───── RECORDS SUPPLIED
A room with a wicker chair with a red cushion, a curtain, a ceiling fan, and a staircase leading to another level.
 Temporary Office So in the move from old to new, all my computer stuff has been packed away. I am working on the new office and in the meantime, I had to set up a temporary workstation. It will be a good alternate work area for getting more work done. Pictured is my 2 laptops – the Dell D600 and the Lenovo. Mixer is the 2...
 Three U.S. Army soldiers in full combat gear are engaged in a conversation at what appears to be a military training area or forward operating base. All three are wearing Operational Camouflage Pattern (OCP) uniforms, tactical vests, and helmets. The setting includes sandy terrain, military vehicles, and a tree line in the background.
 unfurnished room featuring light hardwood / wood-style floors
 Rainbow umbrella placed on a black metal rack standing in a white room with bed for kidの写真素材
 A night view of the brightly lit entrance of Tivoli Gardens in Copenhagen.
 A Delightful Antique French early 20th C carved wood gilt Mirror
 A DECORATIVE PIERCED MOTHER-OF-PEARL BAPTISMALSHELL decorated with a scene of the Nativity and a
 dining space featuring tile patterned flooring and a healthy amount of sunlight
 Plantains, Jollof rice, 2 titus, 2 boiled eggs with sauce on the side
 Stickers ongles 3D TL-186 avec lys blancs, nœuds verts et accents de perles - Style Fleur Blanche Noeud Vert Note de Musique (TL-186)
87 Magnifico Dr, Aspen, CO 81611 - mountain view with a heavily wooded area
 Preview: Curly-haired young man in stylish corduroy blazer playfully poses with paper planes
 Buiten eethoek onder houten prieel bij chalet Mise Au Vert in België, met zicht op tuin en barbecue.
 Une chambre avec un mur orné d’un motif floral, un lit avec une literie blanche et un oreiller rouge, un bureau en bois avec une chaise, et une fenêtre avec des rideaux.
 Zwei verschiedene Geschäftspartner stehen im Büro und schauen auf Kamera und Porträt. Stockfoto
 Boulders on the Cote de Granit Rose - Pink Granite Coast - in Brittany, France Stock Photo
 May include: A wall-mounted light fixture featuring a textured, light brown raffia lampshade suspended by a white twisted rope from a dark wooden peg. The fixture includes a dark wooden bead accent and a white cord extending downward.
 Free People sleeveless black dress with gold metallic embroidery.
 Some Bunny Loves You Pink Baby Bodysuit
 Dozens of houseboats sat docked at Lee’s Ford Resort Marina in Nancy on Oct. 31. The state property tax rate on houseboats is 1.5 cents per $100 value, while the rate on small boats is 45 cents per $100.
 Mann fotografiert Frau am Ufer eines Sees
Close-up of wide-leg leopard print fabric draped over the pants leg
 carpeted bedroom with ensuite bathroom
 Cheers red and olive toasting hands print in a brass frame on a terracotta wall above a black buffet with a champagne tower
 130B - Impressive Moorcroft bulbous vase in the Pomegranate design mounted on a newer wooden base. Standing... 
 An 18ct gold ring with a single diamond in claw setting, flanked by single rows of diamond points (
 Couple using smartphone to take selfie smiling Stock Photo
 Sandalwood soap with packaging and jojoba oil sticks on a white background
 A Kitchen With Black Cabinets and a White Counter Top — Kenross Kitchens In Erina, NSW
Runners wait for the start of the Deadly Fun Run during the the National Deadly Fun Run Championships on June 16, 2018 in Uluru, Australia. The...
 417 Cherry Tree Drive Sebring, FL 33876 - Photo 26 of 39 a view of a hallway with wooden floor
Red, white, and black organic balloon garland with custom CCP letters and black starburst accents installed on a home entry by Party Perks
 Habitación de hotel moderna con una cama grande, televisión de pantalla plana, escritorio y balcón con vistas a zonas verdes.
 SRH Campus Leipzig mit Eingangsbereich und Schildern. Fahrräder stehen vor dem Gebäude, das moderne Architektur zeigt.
──────────
§ **YOUR GOAL**
Which lines above include "background"? Show each of them by copying it.

§ **EXERCISE RESULT**
 Three U.S. Army soldiers in full combat gear are engaged in a conversation at what appears to be a military training area or forward operating base. All three are wearing Operational Camouflage Pattern (OCP) uniforms, tactical vests, and helmets. The setting includes sandy terrain, military vehicles, and a tree line in the background.
 Sandalwood soap with packaging and jojoba oil sticks on a white background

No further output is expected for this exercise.